Tu sais, il y a pas mal de super journalistes musicaux par ici, je ne suis pas le seul. Cela dit je suis content de pouvoir dire que je suis très lié avec une bonne partie d'entre eux.

"Si je me bats contre ce rappeur, est-ce que je gagnerai ?", un graphique par Shea Serrano - Crédit Image Grantland

"Si je me bats contre ce rappeur, est-ce que je gagnerai ?", un graphique par Shea Serrano - Crédit Image Grantland

Amuseur anonyme

Shea n'a pas que des bonnes idées. C'est aussi un mec plutôt marrant qui n'hésite pas à mêler ses analyses justes et fines (son papier sur YG est un exemple en la matière) à la blague et à un soupçon de subjectivité. Exemple  :

Actuellement je travaille sur une matrice sur les meilleurs basketteurs de l'histoire et les quatre variables sont : Incroyable, Incroyable, Incroyable, Incroyable. Et le seul à être présent est Tim Duncan : il est dans les quatre coins.

Doué et habile, Shea Serrano a également à son actif quelques coups de buzz dont on lui a trop peu attribué la paternité.

Drake / Walter White / Draking Bad - (Crédit Image)

Drake / Walter White / Draking Bad - Crédit Image Shea Serrano

Les pastels de Drake dans Breaking Bad ? Lui. La représentation presque exhaustive de l'influence d'Illmatic sur le rap, statistiques à l'appui ? Lui encore.

À ce jour, son méfait le plus grandiose reste probablement ce cahier de dessin et d'activités "hip-hop" co-signé avec Bun B, dont le Washington Post fit un jour l'éloge : "ce livre est probablement ce que n'importe quel fan de hip-hop aimerait offrir à ses enfants". 

Les schémas de Shea se promènent même sur Twitter. 

Pas prétentieux pour un sou, Shea confie parfois que ses bonnes idées se retournent parfois contre lui. Quand un internaute zélé lui reproche un bon mot ou quand certaines de ses blagues tombent à plat. Lui reste alors l'enthousiasme du prochain projet à mener et le plaisir de faire ce qui lui plaît. Il ne nous a rien dit d'autre :

J'écris simplement tout ce qui me passe par la tête. Parfois c'est drôle et d'autres fois c'est juste stupide.

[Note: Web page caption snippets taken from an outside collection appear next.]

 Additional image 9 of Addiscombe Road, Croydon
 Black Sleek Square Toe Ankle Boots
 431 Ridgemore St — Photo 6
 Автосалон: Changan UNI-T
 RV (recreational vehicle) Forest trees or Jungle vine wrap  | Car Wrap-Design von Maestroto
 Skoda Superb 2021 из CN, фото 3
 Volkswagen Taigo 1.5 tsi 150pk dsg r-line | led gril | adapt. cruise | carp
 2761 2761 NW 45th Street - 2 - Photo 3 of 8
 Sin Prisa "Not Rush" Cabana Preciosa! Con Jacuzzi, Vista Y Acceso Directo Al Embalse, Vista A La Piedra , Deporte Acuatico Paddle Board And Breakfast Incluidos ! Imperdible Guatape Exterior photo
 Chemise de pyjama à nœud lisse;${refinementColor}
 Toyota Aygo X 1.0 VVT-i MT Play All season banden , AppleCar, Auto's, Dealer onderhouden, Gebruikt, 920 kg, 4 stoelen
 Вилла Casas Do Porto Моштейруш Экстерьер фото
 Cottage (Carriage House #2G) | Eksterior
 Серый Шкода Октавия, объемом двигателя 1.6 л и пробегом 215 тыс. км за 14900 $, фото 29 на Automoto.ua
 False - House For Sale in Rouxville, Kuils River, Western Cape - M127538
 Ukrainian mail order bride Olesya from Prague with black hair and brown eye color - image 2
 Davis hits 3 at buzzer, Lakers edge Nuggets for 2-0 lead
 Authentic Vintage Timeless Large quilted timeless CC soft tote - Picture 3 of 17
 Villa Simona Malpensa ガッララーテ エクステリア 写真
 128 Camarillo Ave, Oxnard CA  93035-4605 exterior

Pour le reste Shea avoue adorer dessiner et redouter un peu plus le moment où tout le monde commente ses prises de position sur Twitter. Il est sûr de pouvoir battre Rick Ross à la bagarre (voir le diagramme ci-dessus). Et un jour il pondra une matrice bleu-blanc-rouge. On y retrouvera trois éléments imposés : Tony Parker, Boris Diaw et les frites.

L'imagination fera le reste.

Publié le 15 septembre 2014 à 16h02.